If you search for movie times in your area and copy/paste into InDesign, you'll see what I mean.

I have a script that formats the titles and times, but now it still has the "Showtimes for....stuff in the text.

And I'm trying, unsuccessfully, to delete to "Showtimes for and one of the duplicate titles.

So far, I have tried this:

(\b\w+)( \1)+\b

It will find duplicates, but only one-word duplicates.

I've got this too.  But it finds everything in between and I can't figure out how to isolate the text that I want to delete.

(?<=Showtimes for)(.+?)(?=\d\d+)

I need to search for entire titles that have different words and word counts.

Here is a sample:

Showtimes for A Dog’s Way Home A Dog’s Way Home 12:35pm 5:00pm 7:45pm Showtimes for Mary Poppins Returns Mary Poppins Returns 12:35pm 3:35pm 6:45pm Showtimes for Bumblebee Bumblebee 1:15pm 4:20pm 7:20pm Showtimes for Spider-Man: Into the Spider-Verse Spider-Man: Into the Spider-Verse 12:40pm 4:15pm 7:10pm

Thanks for any help.

Sorry for the long text.

Larry

    This topic has been closed for replies.
    Correct answer vinny38

    Hi

    Looks like a great job for using back-references (\n)

    Try this:

    Find (?<=Showtimes for )(.+)(\1)

    Replace by $1

    Mind the space after "for".

    Regards

    Vinny

    1 reply

    vinny38
    vinny38Correct answer
    Legend
    January 18, 2019

    Hi

    Looks like a great job for using back-references (\n)

    Try this:

    Find (?<=Showtimes for )(.+)(\1)

    Replace by $1

    Mind the space after "for".

    Regards

    Vinny

    Inspiring
    January 18, 2019

    Hi, Vinny:

    I can't get this (?<=Showtimes for )(.+)(\1) to work....

    Tried it several different ways, with changes the "space" around, but i always get that "Can not find match message.

    How can you I use back-references (\n)
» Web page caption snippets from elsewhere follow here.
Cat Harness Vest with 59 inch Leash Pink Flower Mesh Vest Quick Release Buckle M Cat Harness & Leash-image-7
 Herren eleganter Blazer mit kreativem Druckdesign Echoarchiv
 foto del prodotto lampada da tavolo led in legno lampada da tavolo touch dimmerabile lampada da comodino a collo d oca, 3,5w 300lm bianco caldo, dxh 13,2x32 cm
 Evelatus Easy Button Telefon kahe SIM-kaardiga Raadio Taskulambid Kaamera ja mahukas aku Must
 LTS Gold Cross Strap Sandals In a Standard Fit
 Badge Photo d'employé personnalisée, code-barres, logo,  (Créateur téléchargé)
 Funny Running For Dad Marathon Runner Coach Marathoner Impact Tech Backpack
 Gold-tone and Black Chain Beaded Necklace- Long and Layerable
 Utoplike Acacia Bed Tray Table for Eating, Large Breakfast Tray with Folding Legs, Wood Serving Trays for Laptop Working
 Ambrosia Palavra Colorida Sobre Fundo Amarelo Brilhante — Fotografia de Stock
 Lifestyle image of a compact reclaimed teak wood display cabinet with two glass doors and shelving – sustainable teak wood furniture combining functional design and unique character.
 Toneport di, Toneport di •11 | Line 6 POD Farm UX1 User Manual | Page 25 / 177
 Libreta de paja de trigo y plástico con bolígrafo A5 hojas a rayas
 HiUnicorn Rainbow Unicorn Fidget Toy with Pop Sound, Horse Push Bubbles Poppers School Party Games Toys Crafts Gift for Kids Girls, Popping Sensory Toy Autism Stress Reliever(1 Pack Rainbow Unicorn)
    Unfamiliar with that....

    Thanks for your help..

    Larry

    winterm
    Legend
    January 18, 2019

    For single word duplicates like Bumblebee Bumblebee you could search for (\w+ )\1, and change to $1.

    However, I have a hard time to imagine how this could be implemented with such a complex sequences like A Dog’s Way Home, Mary Poppins Returns, or Spider-Man: Into the Spider-Verse.

    How are you going to define this? Make a list of all existing films?